Depuis le double coup d’Etat qui a porté les militaires au pouvoir en 2020 et 2021, l’opposition a été réduite à l’impuissance par des mesures coercitives, des mises en cause judiciaires, des dissolutions d’organisations et la pression du discours dominant sur la nécessité de faire corps autour de la junte dans un pays confronté depuis 2012 au jihadisme.
Mais depuis quelques semaines, une centaine de partis politiques maliens se sont réunis dans une coalition et, samedi 26 avril, à Bamako, ont donné une conférence de presse pour accuser publiquement les autorités de vouloir leur dissolution.
Ce rassemblement, exceptionnel au Mali sous la junte, a été surveillé par un important dispositif policier. La coalition de partis a annoncé la tenue d’un meeting samedi 3 mai à Bamako. Si le rassemblement se tient, il constituerait un acte de contestation inédit depuis l’arrivée des militaires au pouvoir.
« On ne gouverne pas un pays par la force, ni par des manœuvres inappropriées », a déclaré jeudi Mountaga Tall, du Congrès national d’initiative démocratique, au moment de l’annonce du meeting. Le multipartisme, ainsi que les libertés d’expression et d’association, a été consacré au Mali par la Constitution de 1992, année de la démocratisation. La junte a promulgué en 2023 une nouvelle Constitution qui consacre les mêmes principes.
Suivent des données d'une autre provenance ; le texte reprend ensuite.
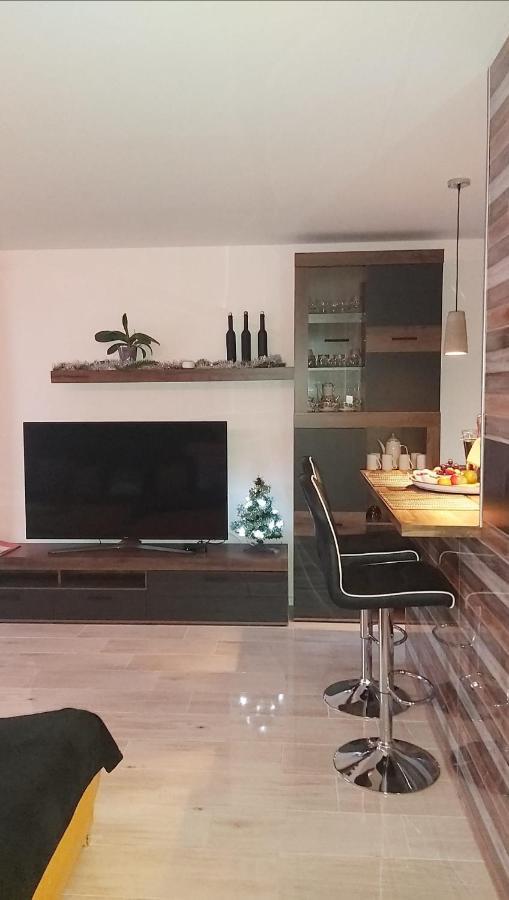 Apartman Navrchu ブレズノ エクステリア 写真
Mais « aujourd’hui, on a une remise en cause de l’esprit de cette Constitution par des consultations qui sont, de fait, contrôlées, orientées par le pouvoir en place », explique Gilles Yabi, fondateur du groupe de réflexion ouest-africain Wathi.
Repression des voix dissidentes
« Si les autorités veulent être en violation totale de cette même Constitution, alors nous serons en droit de ne pas reconnaître le pouvoir actuel et d’exiger le départ du président de la transition », prévient Boukary Dicko, du parti Yelema. « Au Mali, on est entré dans une nouvelle phase de consolidation du pouvoir militaire, comme c’est le cas au niveau de tous les régimes militaires au Sahel », estime Gilles Yabi.
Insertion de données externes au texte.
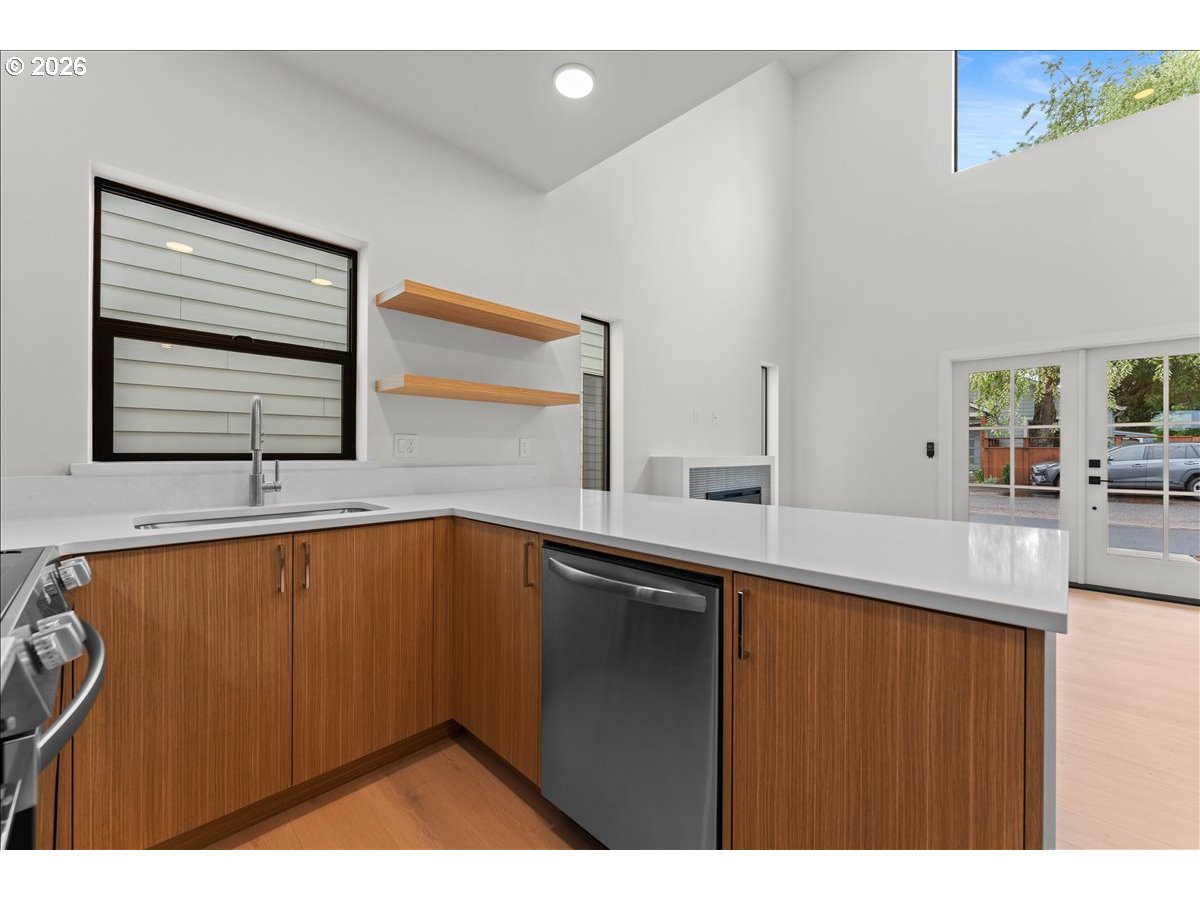 7880 SE 70th AVE, Portland, OR, 97206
Le Mali et ses voisins du Niger et du Burkina Faso sont dirigés par des juntes militaires arrivées au pouvoir entre 2020 et 2023, qui se sont associées au sein d’une Alliance des Etats du Sahel (AES). Des organisations de défense des droits humains accusent les trois régimes de réprimer les voix dissidentes au nom de la guerre contre les jihadistes.
En dépit des risques de représailles, la classe politique malienne hausse le ton pour ne pas disparaître de l’espace publique comme au Burkina et au Niger. « C’est d’une part lié à l’histoire politique de chacun de ces pays, mais aussi à ces trois régimes qui sont tous durs, mais selon des modalités différentes », précise Gilles Yabi.
Le Haut-Commissariat aux droits de l’homme de l’ONU s’est dit « profondément préoccupé » par le projet qui pourrait « entraîner une réduction considérable des activités politiques ainsi que de l’espace civique et démocratique en général », dans un message publié sur X jeudi.
Si la junte malienne adopte les recommandations des concertations « nationales », qui actent la dissolution des partis politiques, la classe politique entend faire des recours devant la Cour constitutionnelle. « Si par hasard la Cour constitutionnelle ferme les yeux, alors nous n’aurions plus le choix que d’exiger la dissolution de cette cour », annonce Boukary Dicko du parti Yelema.